Les Etats-Unis promettent dans les mois à venir de rendre publique leur nouvelle doctrine spatiale nationale qui n'exclurait pas le déploiement d'armements dans l'espace. Selon le chef de la division spatiale de l'US Strategic Command, le colonel Anthony Russo, la nécessité s'impose de spécifier la responsabilité du Pentagone sur le plan de la sécurité des satellites. Quiconque se mettrait à contrarier un satellite américain serait immédiatement criblé de rayons laser et de salves cinétiques.

Cela ouvrirait un théâtre d'hostilités tout à fait nouveau, un théâtre spatial, dont l'inadmissibilité a été évoquée des dizaines de fois aussi bien dans la presse que dans tous les lieux de dialogue international. Le représentant permanent russe auprès de l'office des Nations Unies à Genève, Valeri Lochtchinine, déclarait une nouvelle fois, début mars, que la militarisation de l'espace "pourrait donner une nouvelle impulsion à la course aux armements non seulement dans l'espace, mais aussi sur Terre, notamment dans le domaine des missiles nucléaires, ce qui risque de relancer la prolifération des armes de destruction massive et de leurs vecteurs". De son côté, la Russie a répété qu'elle ne serait pas la première à déployer des armes dans l'espace et qu'elle appelait tous les Etats à suivre son exemple.

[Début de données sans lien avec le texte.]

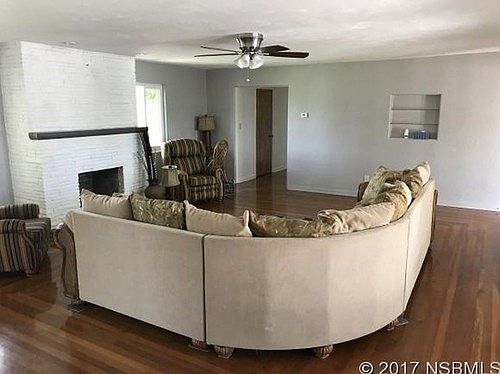 3rd image of 2209 S Peninsula Dr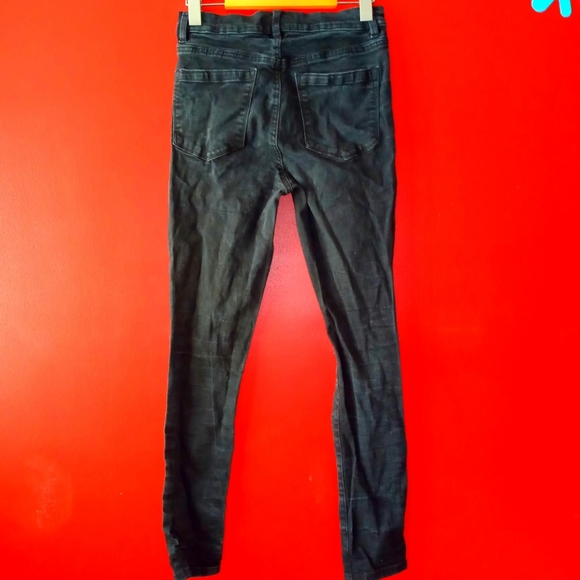 Black Ripped/Destressed Dyndnm Kate Jean's… - Picture 5 of 6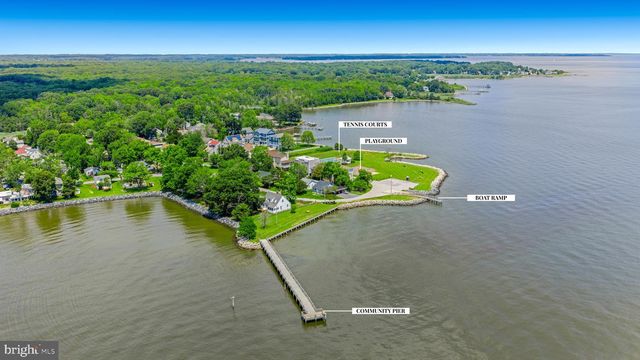 5235-A AL JONES DR, Shady Side, MD 20764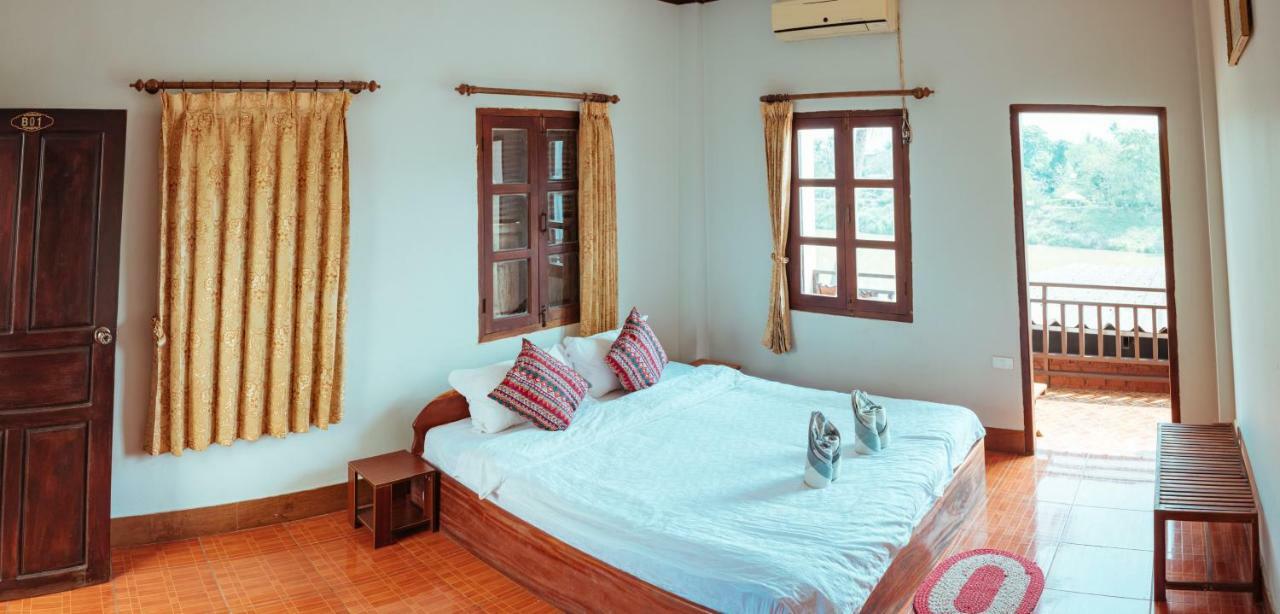 Mao Phasok Riverside Guesthouse Luang Prabang Ngoại thất bức ảnh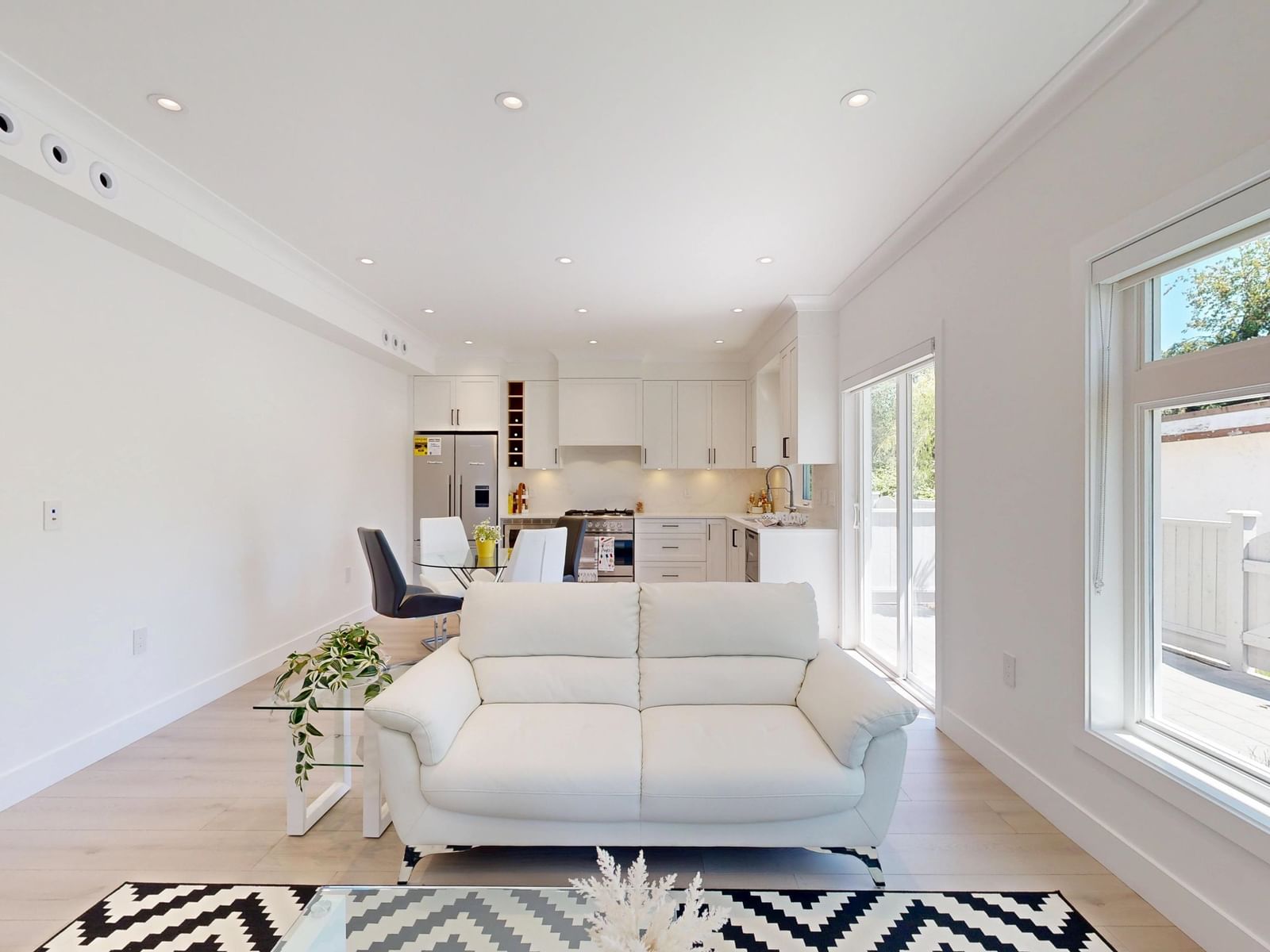 Listing Image 12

En effet, un simple cliquetis de culasse suffirait pour couvrir les appels les plus nobles et faire venir le temps de l'action. "La Russie a tout ce qu'il faut pour donner une réponse adéquate aux pays déployant leurs armements dans l'espace", déclarait fin août dernier le ministre de la Défense Sergueï Ivanov, au cours de sa visite officielle en Chine. "L'espace est activement exploité à des fins militaires non seulement par les Américains, mais aussi par nous-mêmes, rappelait-il. Mais il ne peut être exploité que jusqu'à un certain degré, notamment pour installer les moyens de transmissions, de désignation des cibles, de reconnaissance, etc. Ce ne sont pas là des armes. Les conséquences d'un déploiement d'armes dans l'espace sont difficilement prévisibles".

On peut tout de même se faire une idée de l'ampleur de ces conséquences à la lumière d'une autre citation du ministre: "Nous lançons sur orbite des engins commerciaux pour 30 à 40 pays du monde, si la mémoire ne me fait pas défaut. Et l'origine du lanceur n'a aucune importance". Effectivement, la Russie met tous les ans sur orbite énormément de cargaisons étrangères, sans connaître leur contenu réel. Ainsi, quoique indirectement, l'astronautique russe risque de devenir otage d'un conflit orbital qui impliquerait une nouvelle escalade de la course aux armements de tous types et, naturellement, une "réponse adéquate".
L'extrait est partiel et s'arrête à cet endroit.